• _What the task requires_:
Please return the listing below word for word, minus its pictures.

• _Recorded information_:
···

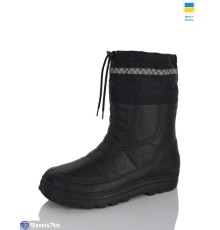 Чоловічі чоботи з піни на зиму (12 пар р.41-45) чорний  "REGA"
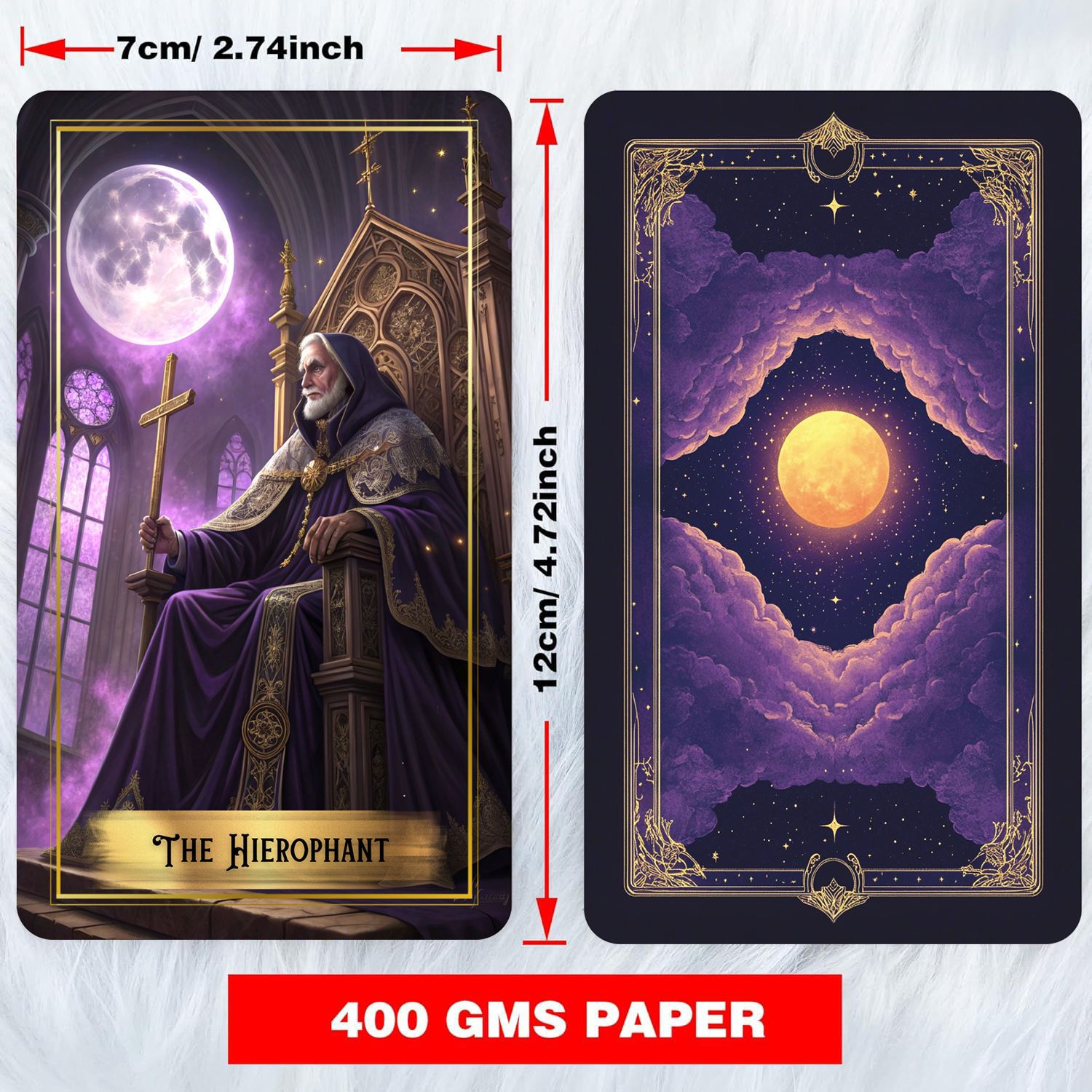 Purple Moon Tarot Cards Deck m - Tarot Deck With Guidebook recensie en prijs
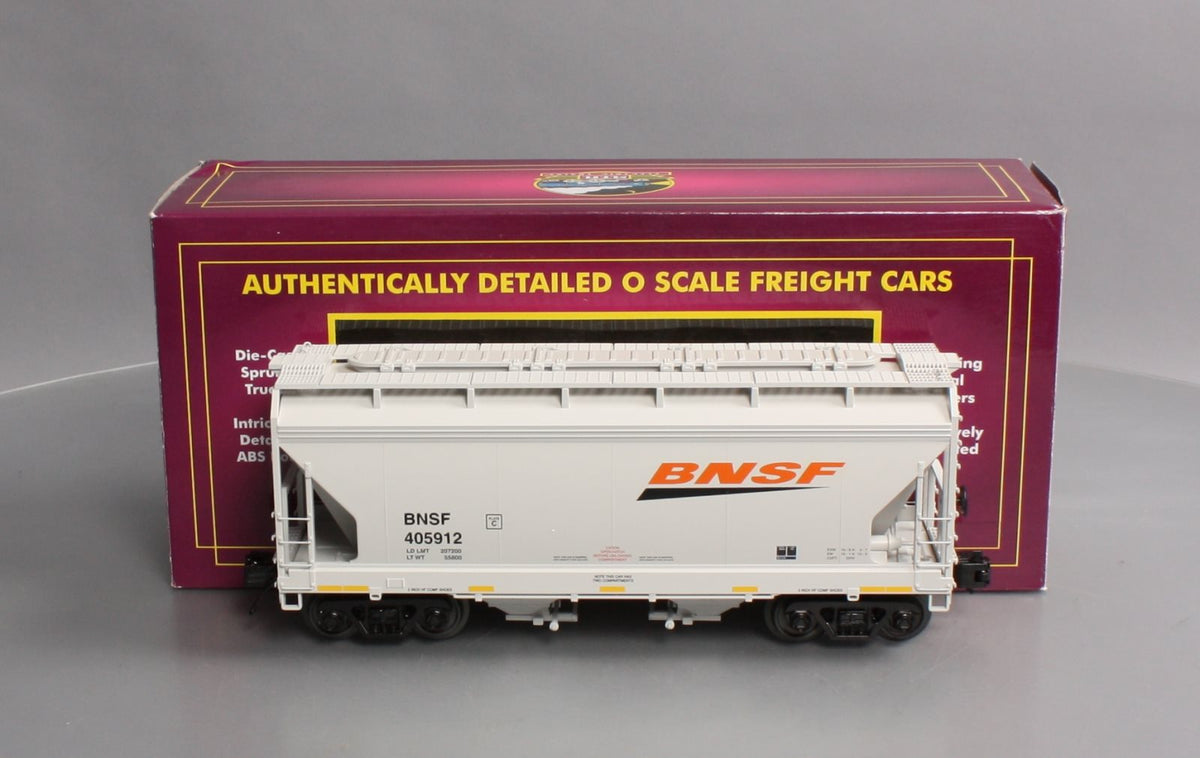 MTH 20-97854 O BNSF Premier 2-Bay Centerflow Hopper #405912 LN/Box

···

• _Task result_:
 Чоловічі чоботи з піни на зиму (12 пар р.41-45) чорний  "REGA"
 Purple Moon Tarot Cards Deck m - Tarot Deck With Guidebook recensie en prijs
 MTH 20-97854 O BNSF Premier 2-Bay Centerflow Hopper #405912 LN/Box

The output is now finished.